Bent, the story of three gay men fighting for survival in Nazi Germany, is “the ultimate coming out story,” says lead actor Sean Cummings.
Cummings plays Max, a depressed drinker and master manipulator who struggles to come out in 1930s Germany.
The play opens with the Night of the Long Knives, an event that heralds the destruction of Berlin as a queer haven and turns Max’s life inside out.
Fuelled by booze and cocaine, Max brings a gay Sturm Abteilung (SA) officer back to the apartment he shares with his boyfriend Rudy. He doesn’t know Hitler has just ordered the execution of all his SA troops.
Max and Rudy end up running for their lives as the Nazis begin rounding up queers, Jews, Poles, gypsies and just about anyone else they see as a threat, or different.
When Martin Sherman’s Bent was originally produced in London’s West End in 1979, it marked the first time the subject of gays during the Holocaust was discussed in the mainstream. That production starred Ian McKellan and since then, it has been produced on Broadway, featuring Richard Gere, and also turned into a movie in 1997 starring Clive Owen.

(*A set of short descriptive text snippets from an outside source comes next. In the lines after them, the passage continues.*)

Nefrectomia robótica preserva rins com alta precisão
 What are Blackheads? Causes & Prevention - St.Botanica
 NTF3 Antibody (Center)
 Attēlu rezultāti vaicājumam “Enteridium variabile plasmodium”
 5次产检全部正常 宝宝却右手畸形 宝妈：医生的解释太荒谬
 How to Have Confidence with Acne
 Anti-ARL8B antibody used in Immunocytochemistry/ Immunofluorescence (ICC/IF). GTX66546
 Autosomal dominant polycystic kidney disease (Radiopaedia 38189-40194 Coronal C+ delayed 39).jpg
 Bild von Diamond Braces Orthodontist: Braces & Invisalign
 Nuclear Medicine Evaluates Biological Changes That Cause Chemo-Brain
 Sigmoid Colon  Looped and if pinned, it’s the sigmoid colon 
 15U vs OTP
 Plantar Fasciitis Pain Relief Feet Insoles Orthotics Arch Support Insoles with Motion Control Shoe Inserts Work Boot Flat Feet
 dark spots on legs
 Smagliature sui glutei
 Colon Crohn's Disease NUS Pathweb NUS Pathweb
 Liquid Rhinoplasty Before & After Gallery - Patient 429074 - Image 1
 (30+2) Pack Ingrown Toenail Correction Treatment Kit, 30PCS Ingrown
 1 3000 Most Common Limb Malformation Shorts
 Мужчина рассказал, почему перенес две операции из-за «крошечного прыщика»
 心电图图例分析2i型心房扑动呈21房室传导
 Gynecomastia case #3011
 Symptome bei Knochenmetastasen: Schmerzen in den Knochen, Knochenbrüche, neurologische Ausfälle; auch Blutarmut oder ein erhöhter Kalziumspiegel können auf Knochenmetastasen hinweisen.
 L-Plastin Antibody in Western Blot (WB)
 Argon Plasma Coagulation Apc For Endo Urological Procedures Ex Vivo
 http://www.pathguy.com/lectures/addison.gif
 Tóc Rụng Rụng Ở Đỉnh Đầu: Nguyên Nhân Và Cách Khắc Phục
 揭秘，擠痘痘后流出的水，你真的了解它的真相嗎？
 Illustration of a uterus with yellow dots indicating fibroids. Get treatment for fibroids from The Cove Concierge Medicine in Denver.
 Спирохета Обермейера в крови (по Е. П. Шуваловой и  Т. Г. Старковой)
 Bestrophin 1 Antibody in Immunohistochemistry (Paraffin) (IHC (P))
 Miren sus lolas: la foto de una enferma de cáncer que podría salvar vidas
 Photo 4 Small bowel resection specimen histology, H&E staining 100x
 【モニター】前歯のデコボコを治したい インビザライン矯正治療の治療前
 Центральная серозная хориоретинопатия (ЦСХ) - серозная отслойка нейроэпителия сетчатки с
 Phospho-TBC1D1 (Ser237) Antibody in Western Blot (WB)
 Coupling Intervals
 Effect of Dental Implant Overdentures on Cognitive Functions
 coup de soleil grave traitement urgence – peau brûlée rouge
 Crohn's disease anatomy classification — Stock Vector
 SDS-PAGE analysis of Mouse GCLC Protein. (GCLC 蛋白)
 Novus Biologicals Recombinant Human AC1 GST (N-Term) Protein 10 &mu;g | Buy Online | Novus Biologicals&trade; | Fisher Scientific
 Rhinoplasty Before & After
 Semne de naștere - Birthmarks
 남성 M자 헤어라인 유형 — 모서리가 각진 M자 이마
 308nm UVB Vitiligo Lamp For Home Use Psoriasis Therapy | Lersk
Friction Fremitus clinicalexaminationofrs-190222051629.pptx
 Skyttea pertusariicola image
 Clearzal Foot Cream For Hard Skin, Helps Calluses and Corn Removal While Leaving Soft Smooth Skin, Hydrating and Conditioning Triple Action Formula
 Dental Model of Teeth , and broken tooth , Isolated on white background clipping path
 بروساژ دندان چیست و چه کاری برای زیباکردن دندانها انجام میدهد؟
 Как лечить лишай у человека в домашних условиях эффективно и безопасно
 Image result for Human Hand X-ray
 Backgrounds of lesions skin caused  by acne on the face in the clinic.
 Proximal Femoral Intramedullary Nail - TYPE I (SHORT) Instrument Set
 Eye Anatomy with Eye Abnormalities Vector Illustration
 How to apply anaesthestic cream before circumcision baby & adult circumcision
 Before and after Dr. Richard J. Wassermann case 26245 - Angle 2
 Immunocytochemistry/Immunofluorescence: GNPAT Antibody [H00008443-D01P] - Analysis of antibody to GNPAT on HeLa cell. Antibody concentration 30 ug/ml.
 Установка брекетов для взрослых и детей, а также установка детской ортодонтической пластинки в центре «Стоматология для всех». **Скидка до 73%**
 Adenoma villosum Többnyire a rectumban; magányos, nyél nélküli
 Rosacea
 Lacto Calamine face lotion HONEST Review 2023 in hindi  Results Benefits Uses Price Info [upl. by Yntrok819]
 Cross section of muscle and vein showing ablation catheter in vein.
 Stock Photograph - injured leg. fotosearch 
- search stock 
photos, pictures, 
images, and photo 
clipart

For Cummings, Bent is as important as Anne Frank in the extensive Holocaust archive.
“These are the real lives of real people who were persecuted for nothing except who they were,” Cummings explains.
Learning about the treatment of queers during the Holocaust “might have helped me coming out,” he adds.
“I remember our teacher, Mr Jeffries, gave us a list of who was rounded up. I remember the gypsies, I remember the Poles. I don’t remember him mentioning homosexuals,” Cummings says.
It all comes down to a lack of education in queer history, he says.
“Why the fuck aren’t they teaching this kind of history?”
A more gay-inclusive curriculum could go a long way towards promoting understanding and open-mindedness today, say Bent’s cast and crew.
Just one week after he read the Bent script, Cummings says he and his friends were walking down the street after clubbing in Victoria when they were accosted by two drunk men. “They called us cocksucking AIDS fuckers,” Cummings recalls.
Joshua Lewis, who plays the sweet-natured and very out Rudy, says it’s too easy to say queers have come a long way.
“Who’s to say that couldn’t happen again?” Lewis asks, pointing out that Berlin in the 1930s “was a huge gay mecca for Europe.”
In contemporary Vancouver, Lewis notes he doesn’t think twice about introducing his partner or saying he’s married. But that doesn’t mean homophobia is not alive and well.
“You don’t know who your enemies are in a state of comfort,” Lewis contends. “Rudy is comfortable and doesn’t think twice. Today people keep it to themselves if they don’t agree with homosexuality. You don’t know who you have to beware of.”
It’s still very recent history, says Bent director Amanda Lockitch, adding that “it’s not time to move on and forget about” how queers were treated during the Holocaust.
Current challenges, like book banning and censorship in schools, “can be quite arbitrary,” easily snowballing into other means of isolating groups of people, Lockitch elaborates. As the Nazis rounded up increasingly various groups, executing, sterilizing and otherwise maiming them, “it became a lot easier to herd off the population,” she maintains.
Lockitch’s production of Bent also explores the issue of the victim-becoming-predator, highlighting her contention that a lot of people “could have been on either side.”
“When does the person holding the gun have it held to him?” Lockitch muses.
It was for this reason she double-cast all the actors, except Cummings.
Ultimately, this is really a love story, says Lockitch.
“It’s about the two great loves in one man’s life.”
Still, says Sebastian Kroon who plays doomed storm trooper Wolf in the first act, Bent is not a “love conquers all” story. Indeed, there is no easy, shiny, happy Hollywood ending.
“Can you love in a situation like this when everything is falling apart around you?” Lewis asks.
Bent’s story shifts significantly when Max and Rudy are on their way to Dachau concentration camp. Initially, Max struggles to stay closeted. Meeting Horst, an out gay man identified by the pink triangle stitched to his prison garb, forces Max to confront his fear of coming out.
In the end, Max has lost everything, says Cummings, but has one more choice to make.
“He can compromise himself and perhaps live another day. Or, he can finally accept himself.”